AI Feature Failure Attributed to Lack of Evaluation
In a recent podcast, AI expert Ankit Shula argued that most AI features fail because of poor evaluation, not poor models. He stated, "If you are shipping AI features without evaluations, your product is lying to you and you have no idea." Shula advocated for a rigorous, non-negotiable evaluation process as a core competency for modern product organizations.

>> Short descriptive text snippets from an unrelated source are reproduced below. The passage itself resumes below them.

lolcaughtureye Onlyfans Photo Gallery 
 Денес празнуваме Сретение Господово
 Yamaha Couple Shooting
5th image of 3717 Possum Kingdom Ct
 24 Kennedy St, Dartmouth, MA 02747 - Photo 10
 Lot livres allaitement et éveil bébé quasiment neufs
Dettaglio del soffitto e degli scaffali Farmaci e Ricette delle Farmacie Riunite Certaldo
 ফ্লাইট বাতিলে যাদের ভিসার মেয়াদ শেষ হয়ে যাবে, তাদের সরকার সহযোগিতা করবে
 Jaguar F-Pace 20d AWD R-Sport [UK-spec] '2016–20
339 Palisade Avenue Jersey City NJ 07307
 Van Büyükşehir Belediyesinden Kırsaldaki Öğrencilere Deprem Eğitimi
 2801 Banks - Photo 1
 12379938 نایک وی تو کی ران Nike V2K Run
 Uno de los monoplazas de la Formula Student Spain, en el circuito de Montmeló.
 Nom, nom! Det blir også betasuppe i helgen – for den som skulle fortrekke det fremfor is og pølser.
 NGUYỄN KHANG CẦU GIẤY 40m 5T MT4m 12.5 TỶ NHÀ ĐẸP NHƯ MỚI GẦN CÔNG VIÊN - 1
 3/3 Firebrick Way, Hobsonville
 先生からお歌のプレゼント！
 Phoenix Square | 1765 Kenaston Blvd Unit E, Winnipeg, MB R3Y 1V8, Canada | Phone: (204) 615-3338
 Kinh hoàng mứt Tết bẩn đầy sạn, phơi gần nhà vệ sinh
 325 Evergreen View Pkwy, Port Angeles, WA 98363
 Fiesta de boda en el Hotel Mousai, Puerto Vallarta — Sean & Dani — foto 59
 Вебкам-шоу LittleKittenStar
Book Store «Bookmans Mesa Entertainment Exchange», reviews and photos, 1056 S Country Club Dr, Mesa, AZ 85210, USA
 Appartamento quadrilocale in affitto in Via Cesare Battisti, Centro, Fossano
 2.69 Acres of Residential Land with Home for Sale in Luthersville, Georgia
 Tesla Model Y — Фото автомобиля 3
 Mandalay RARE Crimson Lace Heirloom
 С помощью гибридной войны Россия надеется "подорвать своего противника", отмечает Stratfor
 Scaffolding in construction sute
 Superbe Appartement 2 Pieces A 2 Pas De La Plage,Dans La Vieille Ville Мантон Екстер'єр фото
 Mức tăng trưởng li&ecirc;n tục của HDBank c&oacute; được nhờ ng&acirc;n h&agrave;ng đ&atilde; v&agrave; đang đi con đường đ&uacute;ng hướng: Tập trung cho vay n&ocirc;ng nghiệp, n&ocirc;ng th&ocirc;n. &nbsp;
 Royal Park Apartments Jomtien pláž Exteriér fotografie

- Industry-wide data suggests high failure rates for AI initiatives, with some reports indicating that between 87% and 95% of data science and generative AI projects never make it into full production. - A primary reason for failure is the disconnect between a model's performance on clean, benchmark datasets and its performance on messy, real-world production data; this is often due to "data drift," where the patterns in live data change over time. - Beyond model accuracy, comprehensive evaluation frameworks test for multiple, often competing, criteria such as fairness, robustness against adversarial attacks, latency, and cost-effectiveness. - Many project failures are attributed to organizational and cultural factors, with one MIT study suggesting these account for 70% of failures, rather than technological limitations. - Leading companies adopt "eval-driven development," an approach where testing and evaluation are integrated throughout the entire product development lifecycle, not just at the end. - A significant portion of AI project work—often cited as up to 80%—is spent on data gathering, cleaning, and preparation, which is a foundational step for any meaningful evaluation. - Failures are often discovered late in the process during the pilot stage, a situation sometimes referred to as "pilot paralysis," which can be mitigated by earlier and more continuous testing. - Post-deployment monitoring is a critical, yet often overlooked, part of evaluation; without it, performance degradation, bias, and unexpected model behaviors can go unnoticed, leading to silent failures.